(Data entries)
────────

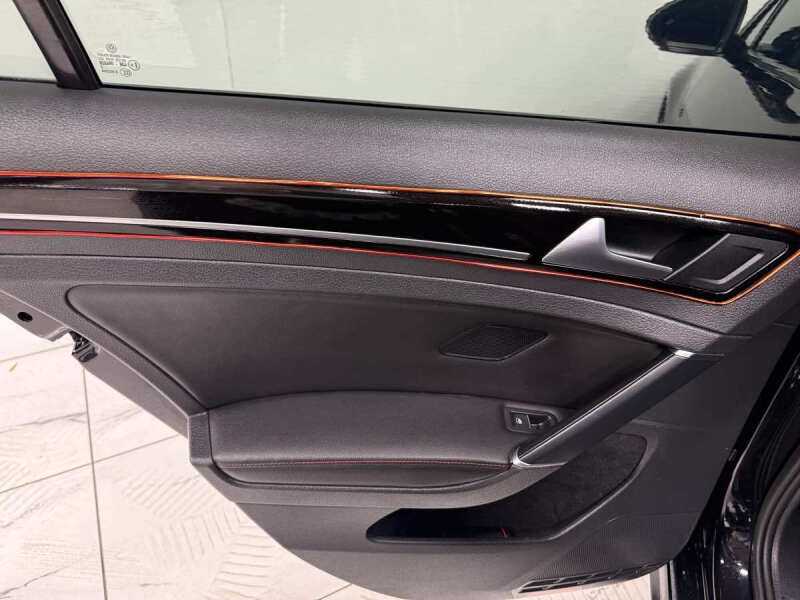 2017 Volkswagen Golf GTI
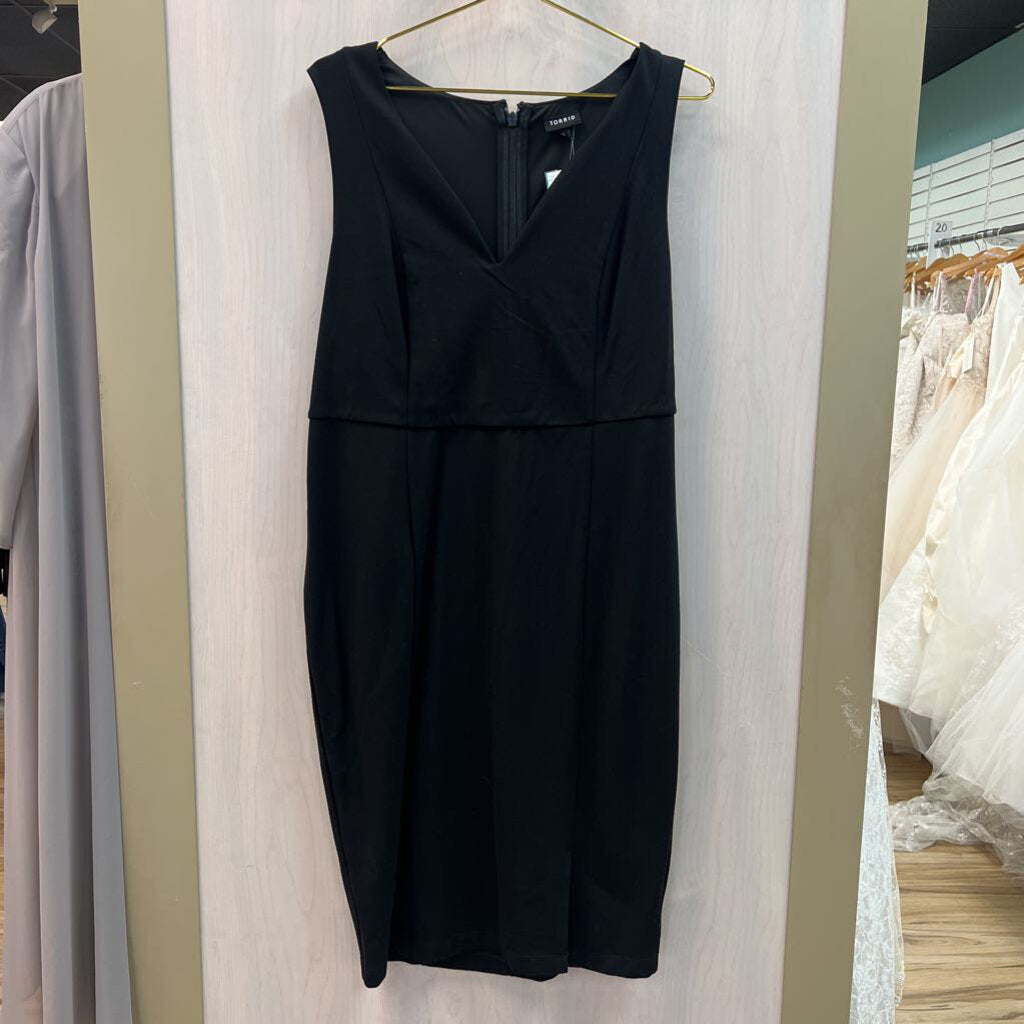 Torrid Black Fitted Short Dress 16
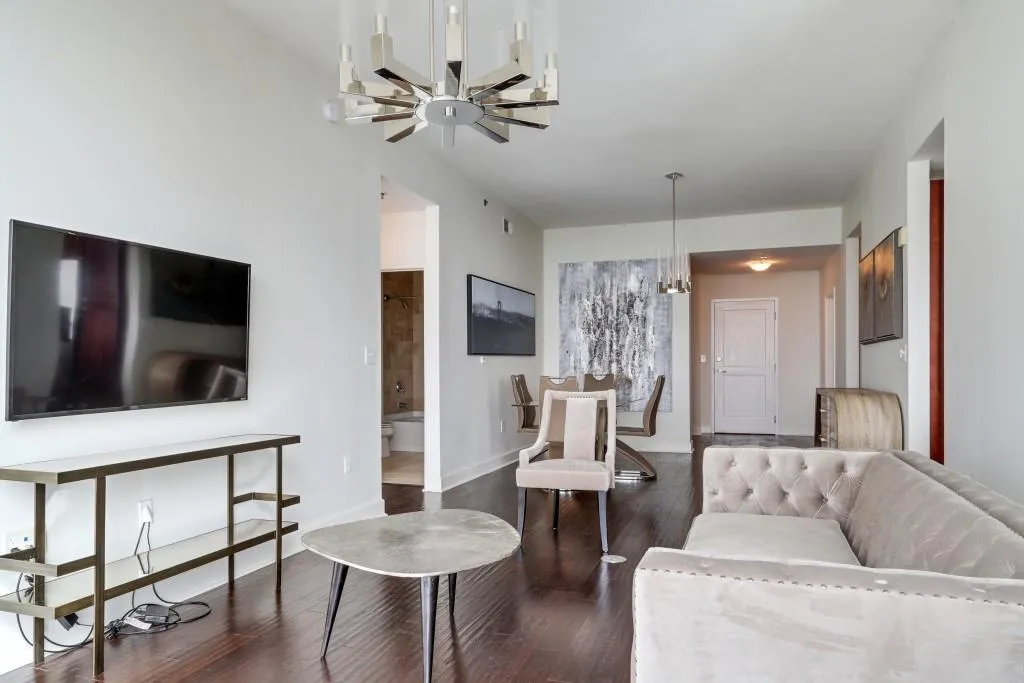 2795 Peachtree Road Unit 2304, Atlanta, Georgia 30305, 2 Bedrooms Bedrooms, ,2 BathroomsBathrooms,Residential,Sold,2795 Peachtree Road Unit 2304,5970822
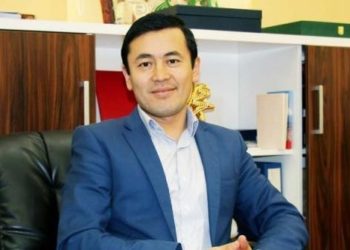 Курал Чокоев төш белгисинен ажыратылды. Кайрат Примбердиевди наамынан ажыратуу каралууда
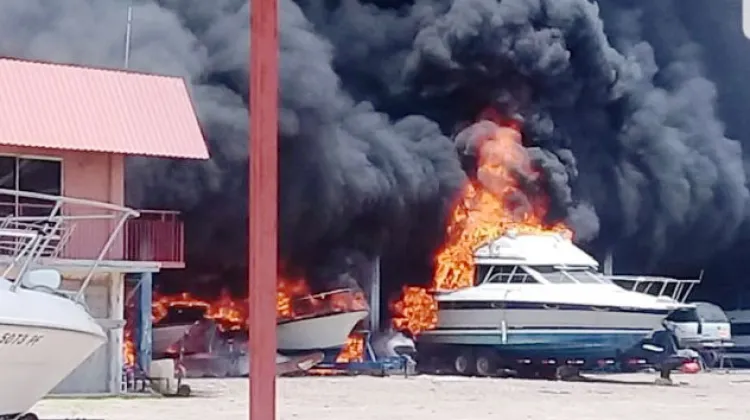 Incendio en taller de buques en Guaymas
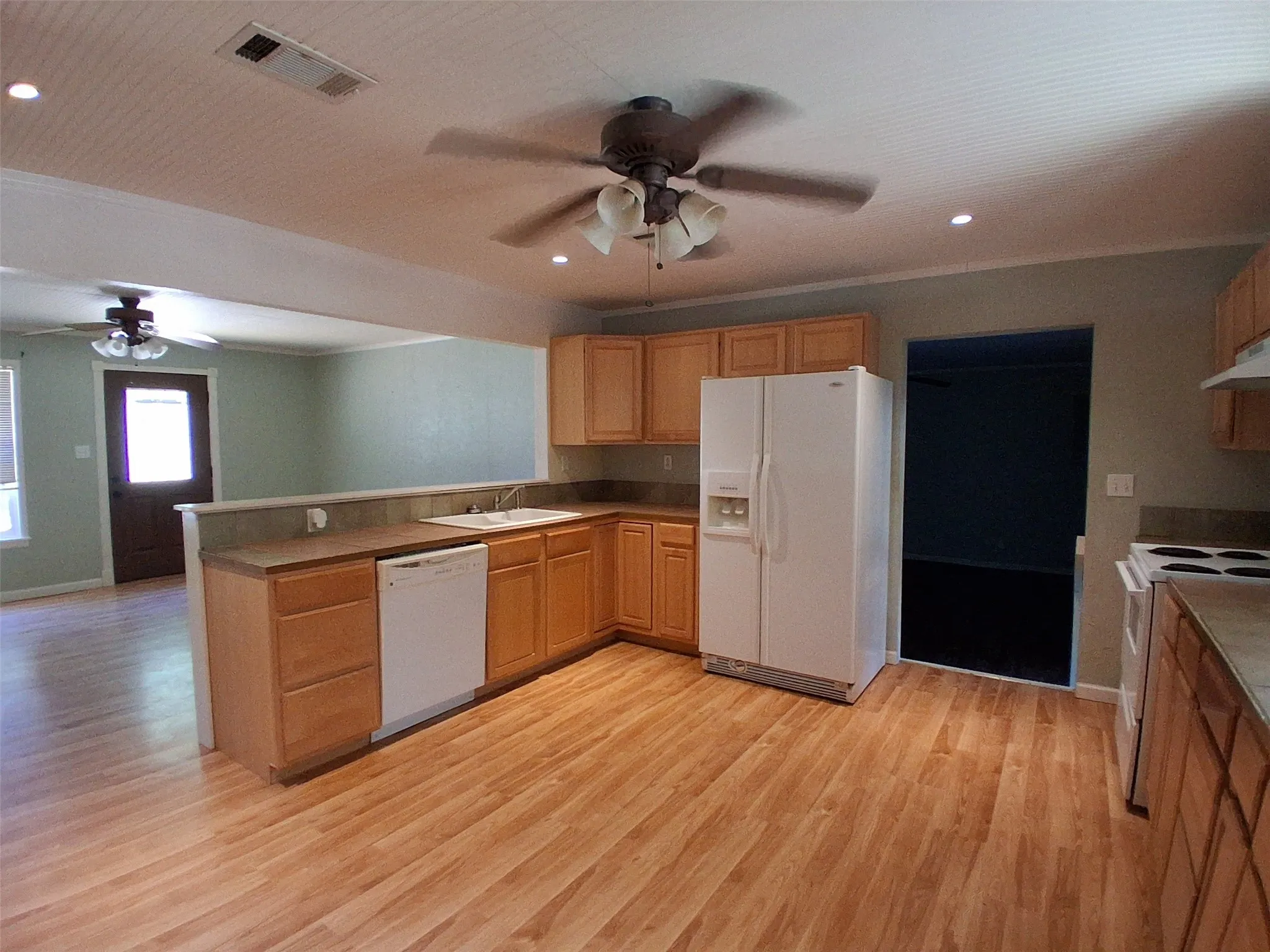 Single Family Residence For Sale in Hunt County , 2619 Charity Road, Commerce, Texas 75428, 3 Bedroom, 1 Bathroom, Garage spaces, 1,988 Sqft, built in 1968, mls#21366623, Real Estate Agent in Commerce, Homes For Sale in Hunt county, Homes For Sale in Commerce, Realtor in Commerce Texas, Real Estate Brokerage Independent Realty Texas, Luminita Cordes Realtor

────────

§ **What needs to be done**:
Exclude the pictures, and output exactly the lines from the one with "Incendio en taller de buques en Guaymas" through the last line of the records, both included.

§ **Task response**:
 Incendio en taller de buques en Guaymas
 Single Family Residence For Sale in Hunt County , 2619 Charity Road, Commerce, Texas 75428, 3 Bedroom, 1 Bathroom, Garage spaces, 1,988 Sqft, built in 1968, mls#21366623, Real Estate Agent in Commerce, Homes For Sale in Hunt county, Homes For Sale in Commerce, Realtor in Commerce Texas, Real Estate Brokerage Independent Realty Texas, Luminita Cordes Realtor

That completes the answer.